En un 33-Tours radical, et une poignée de singles fabuleux autour, les Remains ont su capter de manière brillantissime la brûlante énergie du rock américain du milieu des années 1960, mais ils ont aussi contribué à incorporer dans celui-ci une touche pop (qui était alors beaucoup plus British qu'américaine !) parfaitement maîtrisée. Leur musique s'en trouve, pour les siècles des siècles, lumineuse et revitalisante.

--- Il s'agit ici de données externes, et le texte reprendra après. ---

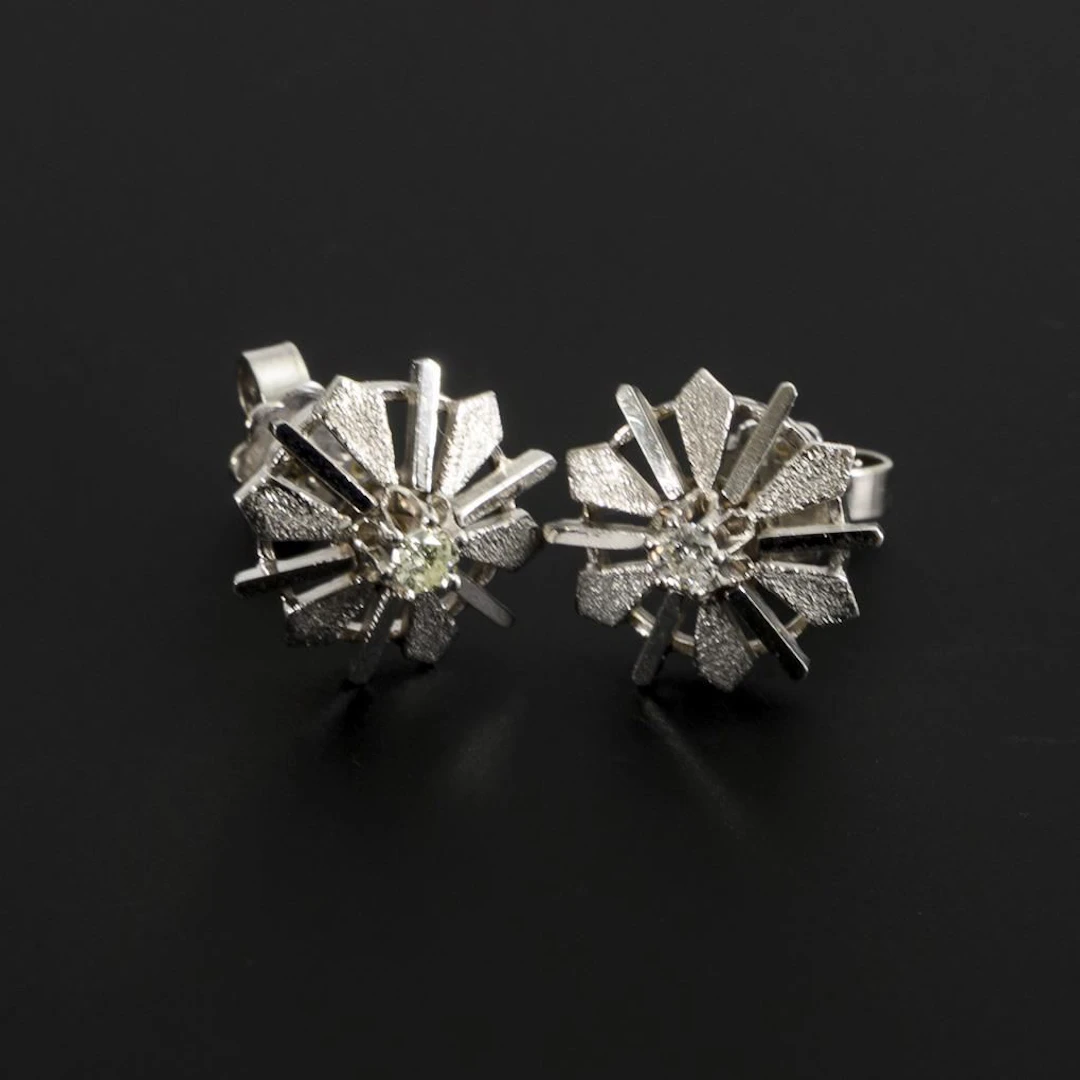 Pair of modernist stud earrings with brilliant-cut diamonds.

Le LP original, 10 titres pour à peine une demi-heure, est l'écrin de leur emblématique "Don't Look Back", qui illustre à merveille tout l'éclat et le potentiel du groupe. L'écriture comme la composition vont droit au but, comme à travers les petites bombes d'énergie que sont "You Got A Hard Time Coming", "Time Of Day" ou "Say You're Sorry". D'autres fois, les Remains savent se faire plus aventureux: ainsi, "Heart" est une magnifique ouverture en forme de crescendo où la tension monte jusqu'à l'orgasme (auditif, du moins, mais, allez savoir...). Barry et ses acolytes savent aussi se faire splendides lorsqu'ils se tournent vers l'acoustique, en témoigne la sublime ballade "Thank You". Et les petits gars n'oublient pas de rendre hommage aux glorieux anciens ayant pavé la voie du rock'n'roll, avec une excellente reprise du "Diddy Wah Diddy" de Bo Diddley (chanson très reprise à l'époque, hymne des jeunes loups garage-rock US).

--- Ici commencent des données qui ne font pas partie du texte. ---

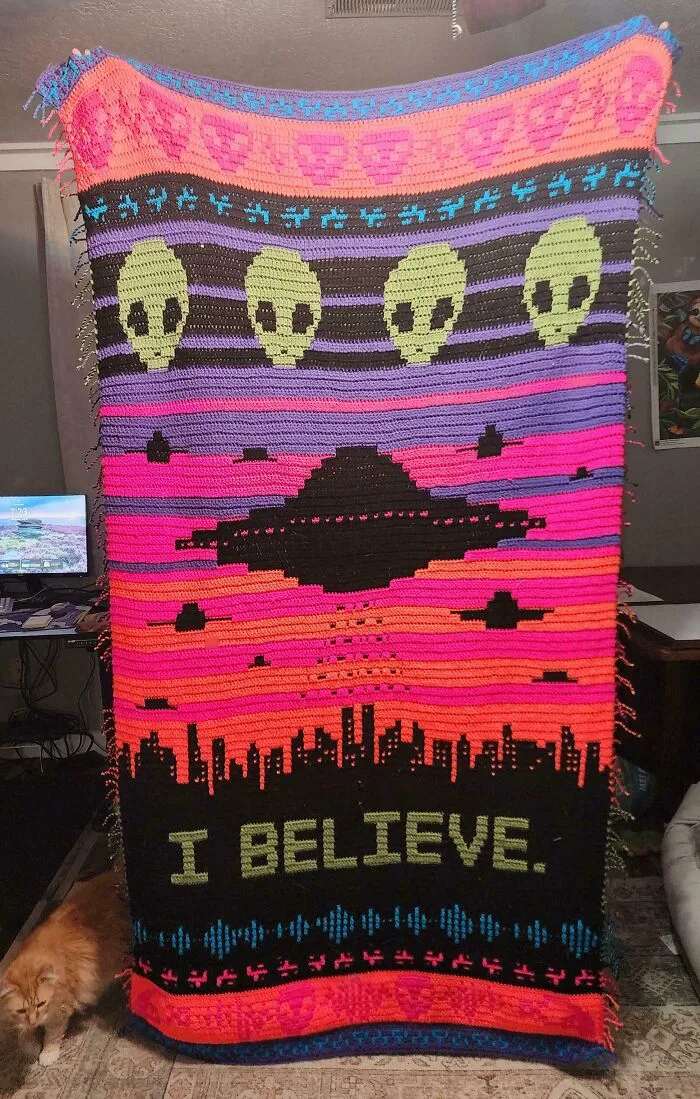 Colorful crochet blanket with aliens, UFO, and cityscape with I believe text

A ce disque merveilleux viennent s'ajouter d'autres pépites, singles ou faces B enregistrés entre 1964 et 1966, présents pour notre plus grand bonheur en bonus tracks de l'édition CD de "The Remains". L'occasion de s'aventurer, pour ce qui est des meilleurs moments, dans le mélancolique "But I Ain't Got You", ou les leçons de pop que constituent les addictifs "Baby I Believe In You" et "When I Want To Know", toutes deux entièrement signées Barry Tashian, s'il fallait encore prouver le talent de celui-ci.
Passée l'aventure des Remains, Barry poursuivra son chemin artistique dans une veine country-folk, accompagné de sa femme Holly. Mais c'est bel et bien au sein de son groupe de jeunesse qu'il laisse son empreinte la plus importante. "The Remains", c'est 50 minutes (bonus compris) qui se hissent au niveau des plus grands et captent la grandeur d'une époque comme peu ont aussi bien su la capter. Une série de petits chefs d'oeuvre de 2'30 rigoureusement indispensables à tout mélomane pop ou rock qui se respecte.